Si je vous lis de mon œil droit
c’est parce que j’y vois mieux encore pour lire qu’avec le gauche qui
pourtant se défend ; en
revanche si le gauche n’est que légèrement myope le droit à distance
a décidé, la quarantaine passée, de voir le monde flou – sauf quand (et
c’est très souvent que j’en fais l’expérience) je
joins les extrémités de mes deux pouces et de mes deux index et ne
laisse libre qu’un minuscule carré, un millimètre environ de côté, par
lequel une toute petite portion du monde d’un coup
revient à la netteté d’autrefois.
« voir
suppose une petite fissure et commencer à peindre exige de percer un
trou, un seul suffit pour faire
une passoire, à travers on regarde l’histoire, le monde ou son
reflet, son écran est une vitre sans tain, le tableau est une fenêtre
qui s’ouvre comme une orange. »
« Plus on regarde l’œil fixe et grand ouvert moins on voit, blanc sur blanc un gouffre libre ou noir sur noir
illimité, il se trouve sans doute quelque manigance là-dessous. »
« Le silence est différent de tous les autres silences, la lueur mate de toutes les autres lueurs, tire
carrément sur le violet comme avant une catastrophe, l’horizon change d’apparence et les sentiments s’éclipsent.
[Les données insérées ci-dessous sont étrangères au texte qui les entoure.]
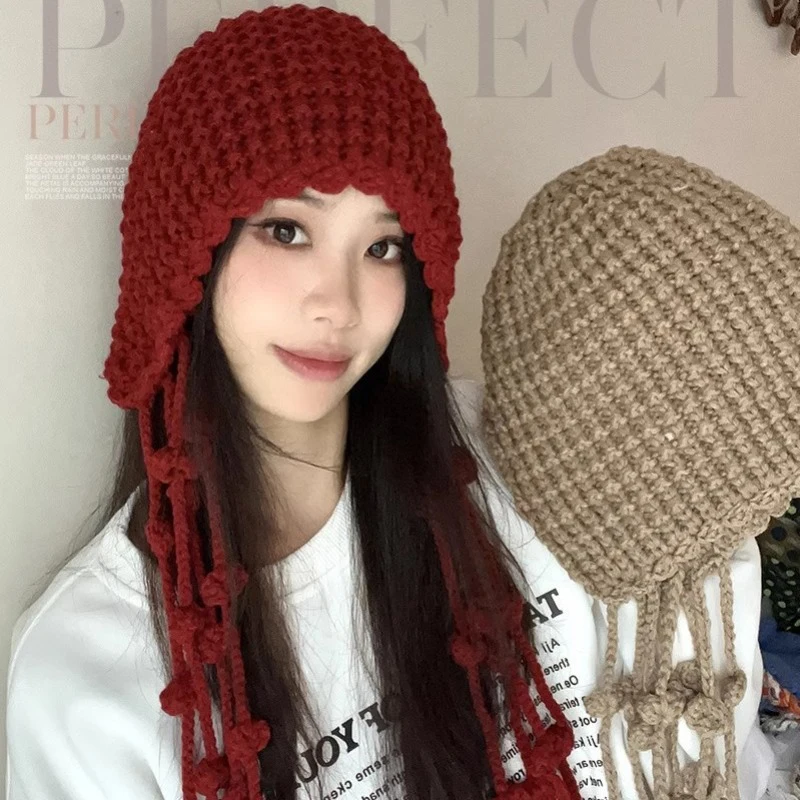 

Hand Woven Tassel Knitted Hat for Women Autumn Winter Hollow Out Design Ear Protection Lei Feng Hat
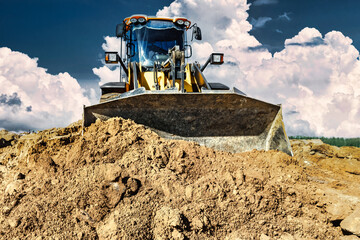 Powerful bulldozer or loader moves the earth at the construction site against the sky. An...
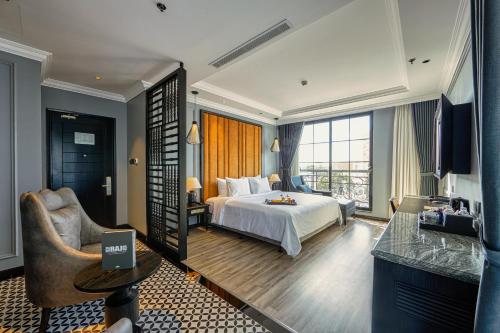 ein Hotelzimmer mit einem Bett und einem Stuhl in der Unterkunft Hôtel D’Melin in Vũng Tàu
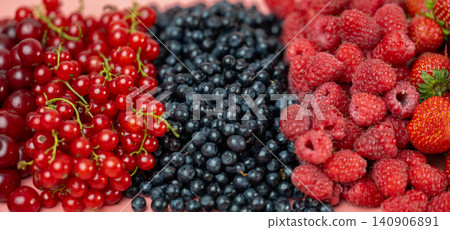 Mix of different ripe tasty berries as background 140906891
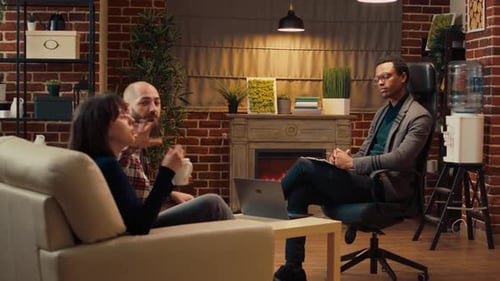 Couple Talking with Therapist in Office Setting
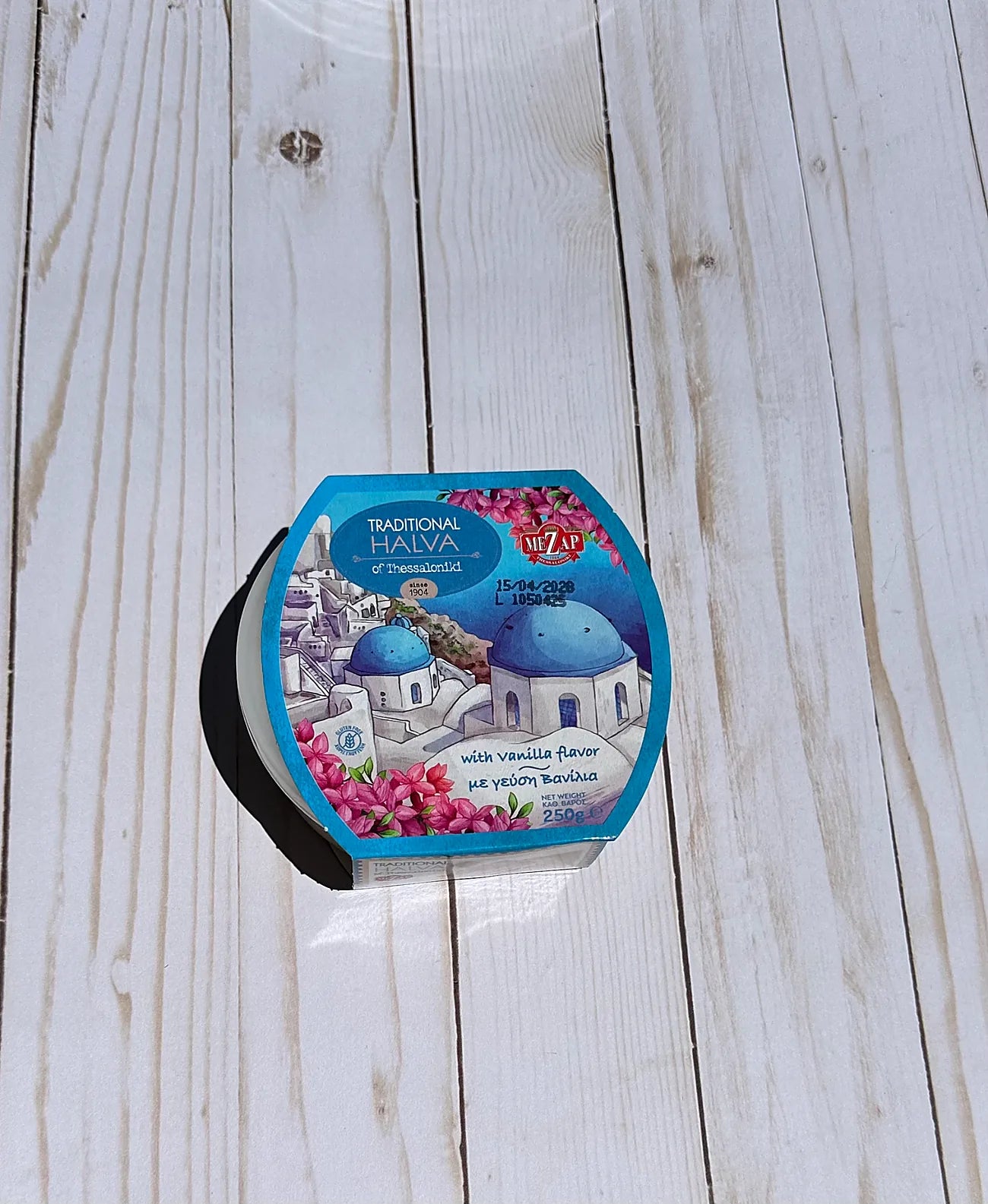 Hexagonal container of halva with a colorful label on a wooden surface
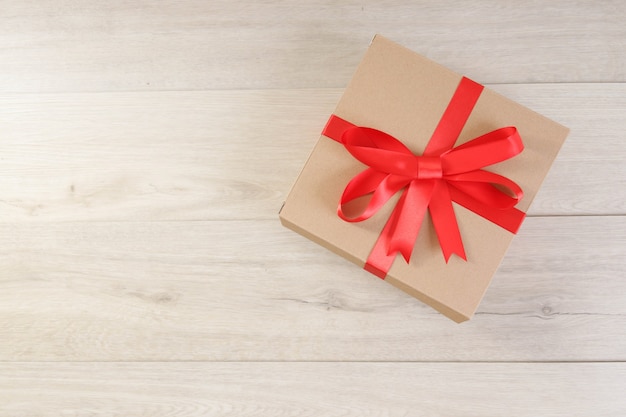 Brown gift box and red ribbon on wooden table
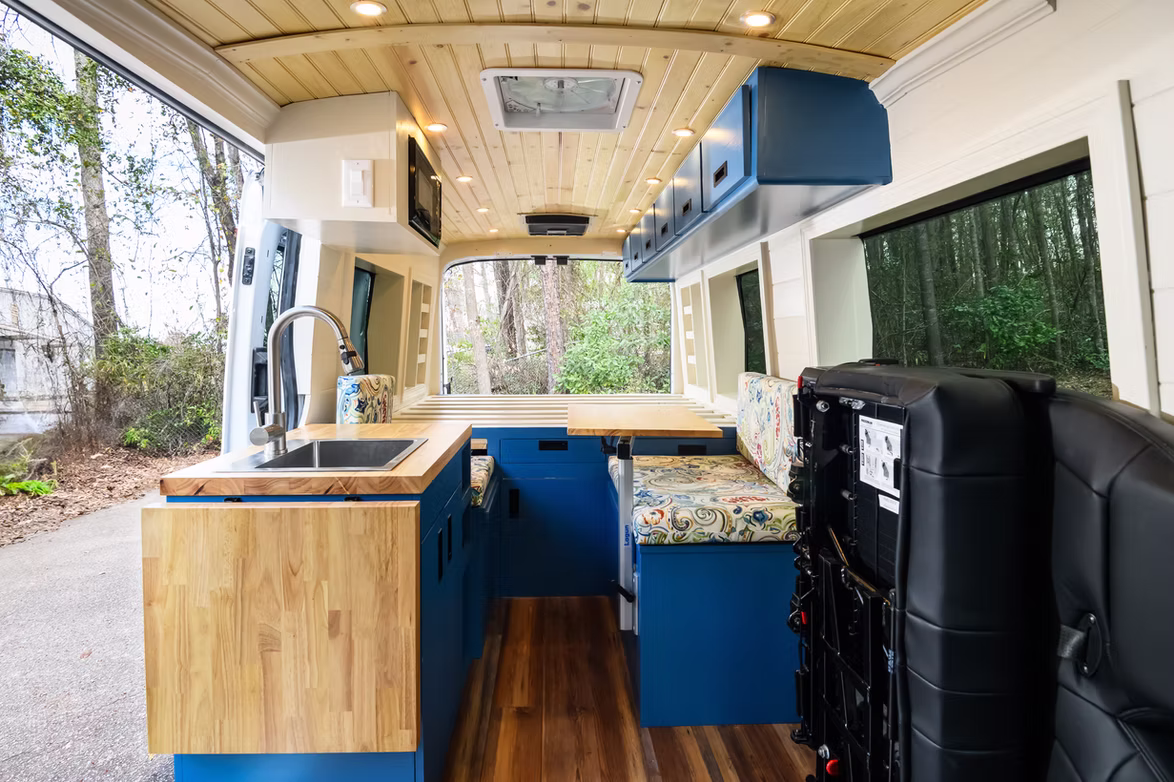 Campervan bed area with warm wood panelling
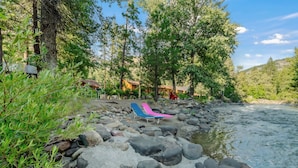 A riverside area with a rocky shore, a blue and pink lounge chair, and a wooden cabin in the background.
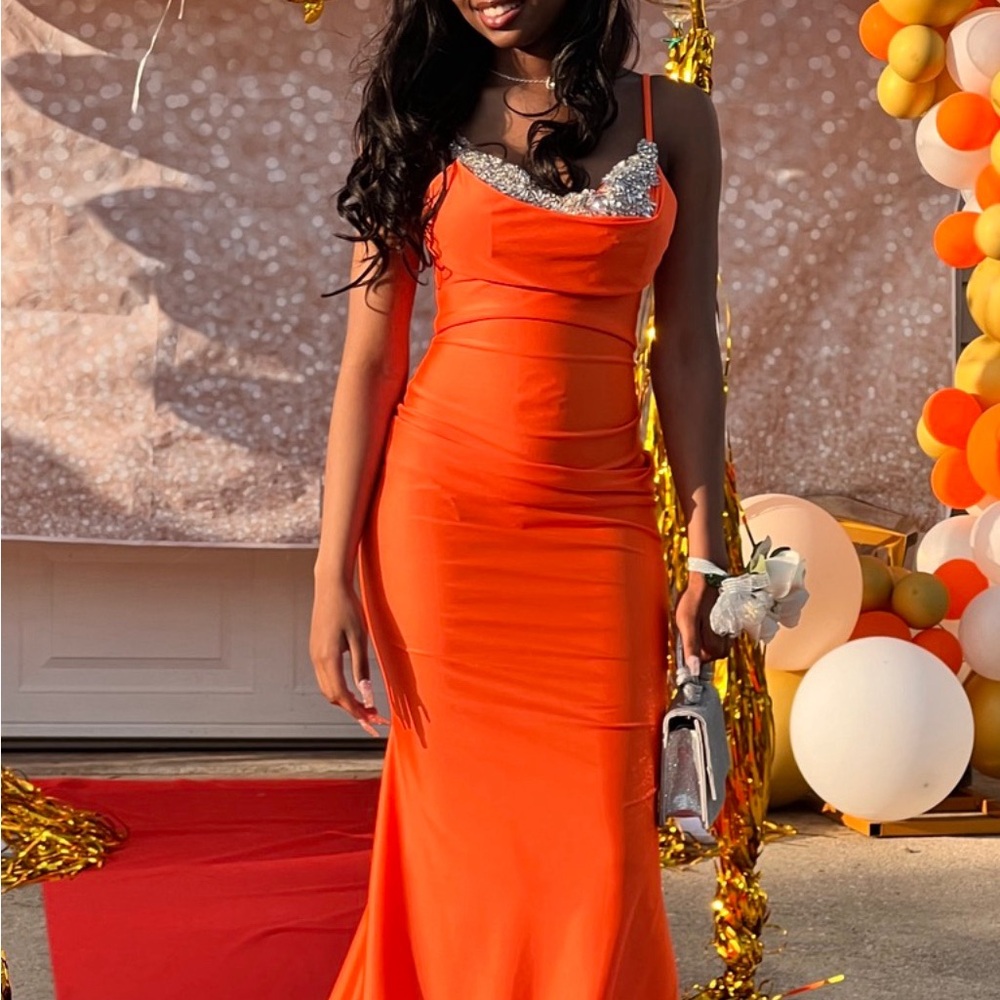 Beautiful prom dress worn one time only for a few hours. In perfect condition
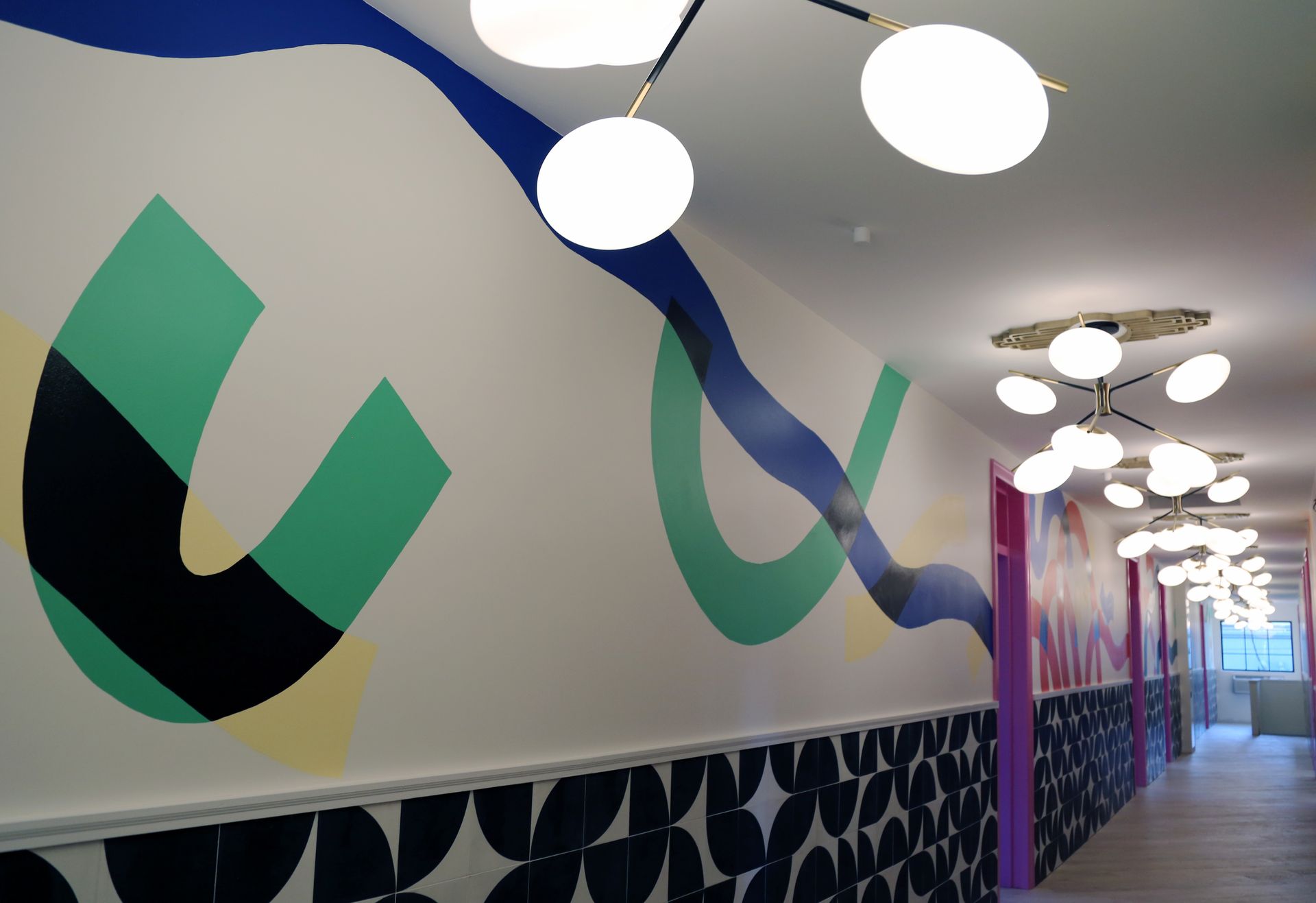 Colorful abstract wall mural in a modern hallway with round ceiling lights and patterned flooring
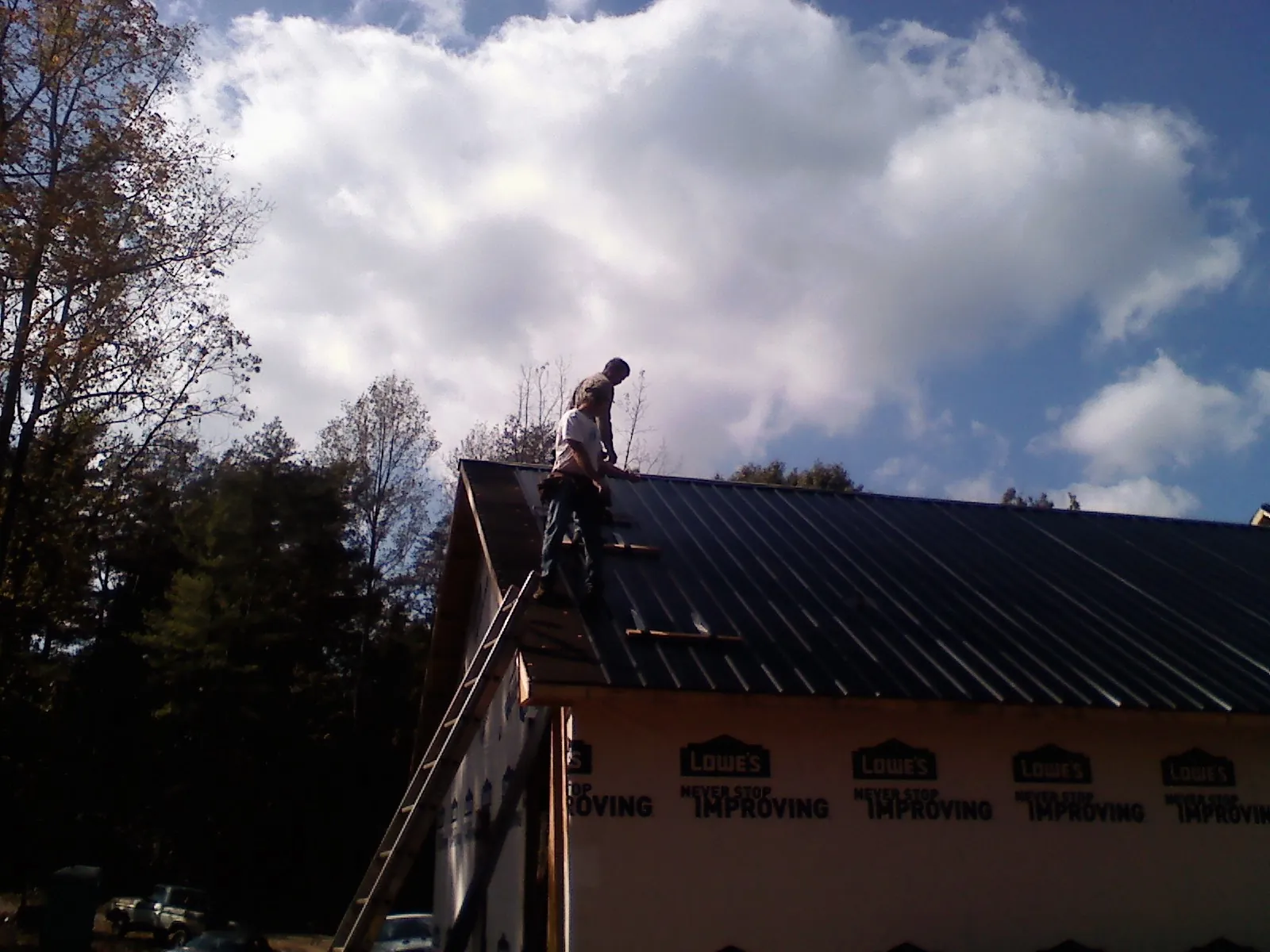 Roofer fastening dark metal panels high against a cloudy sky, from a Roof Inspection job in Fort Ransom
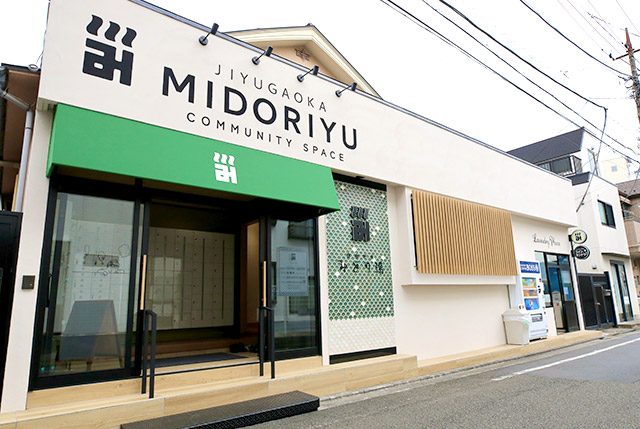 白い壁の建物の正面。緑の日よけの上に「JIYUGAOKA MIDORIYU COMMUNITY SPACE」の文字と湯のマーク、右手に「みどり湯」と読めるタイル貼りの看板がある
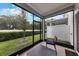 The screened lanai has seating, views, and brings the outdoors in at 1900 Erudite Way, Winter Park, FL 32792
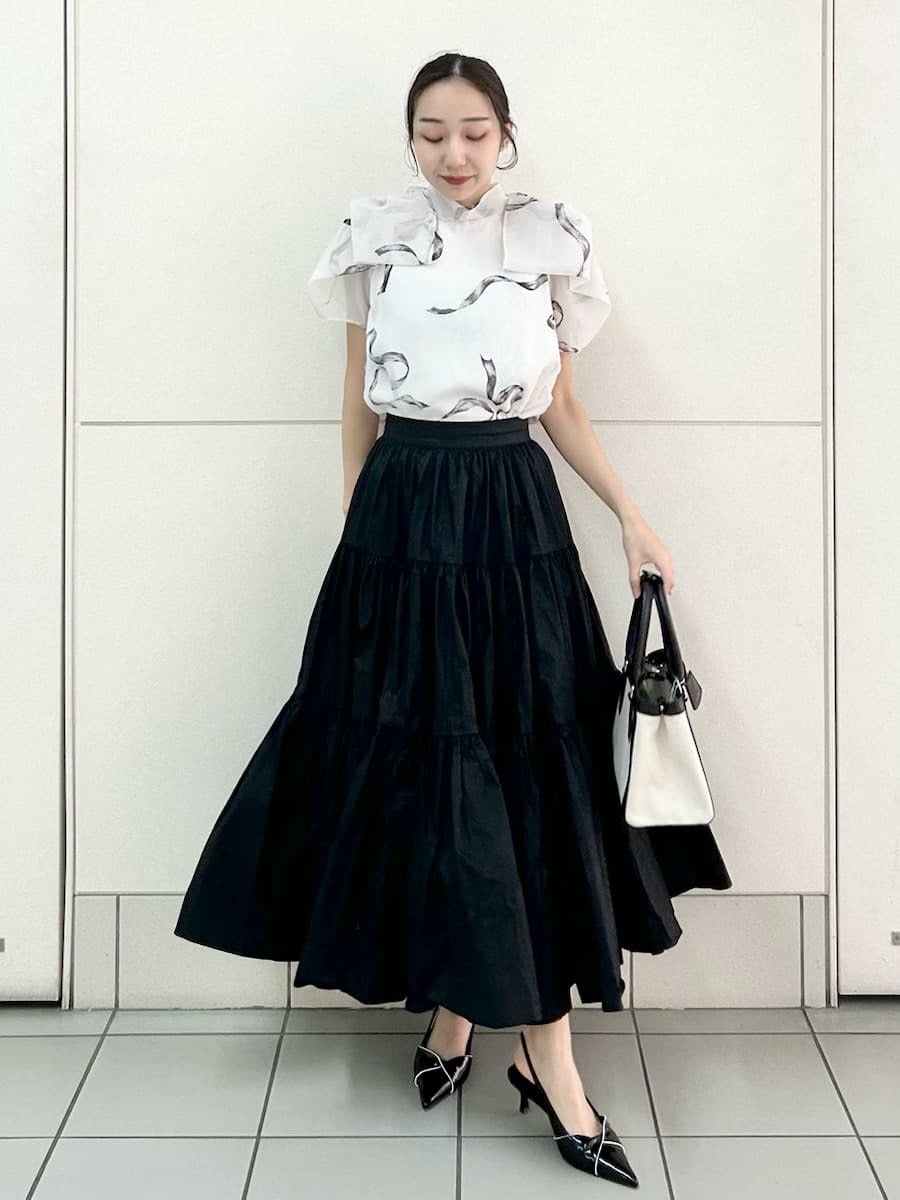 ブラック系のスカート、ブラック系のパンプス、ホワイト系のハンドバッグを着用したレディースの春コーディネートの2枚目の写真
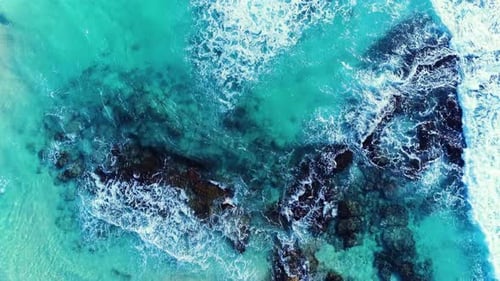 4k aerial drone shot of beautiful tropical blue ocean with waves breaking on rocks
Un jour j’inventerai un film en regardant le soleil, un film sur sa
méchanceté ou ses qualités sensibles – mais on n’en voit la
grandeur et la trame que lorsqu’il s’efface dans l’ombre portée de la
lune, quitte à y perdre la vue. »
Entre ces guillemets quelques toutes petites portions de Lazy Suzie, de Suzanne Doppelt, paru en novembre 2009 chez
POL, et dont Fabrice Thumerel et Alain
Nicolas vous donneront une idée moins floue.
J'aime bien les "portions" que vous avez sélectionnées, je vais aller voir plus avant ce que l'on dit de ce livre et de Suzanne Doppelt.
Merci Philippe.
lire LES YEUX, de Jean-Luc Parant.
On en ressort aveuglé, absolument.
Celui que je vois, là, regardez bien la couverture blanche avec cette étoile rouge et l'inscription "Rien de commun", est sous-titré : L'Envahissement des yeux.
C'est même un livre qui fait peur, on ferme les paupières.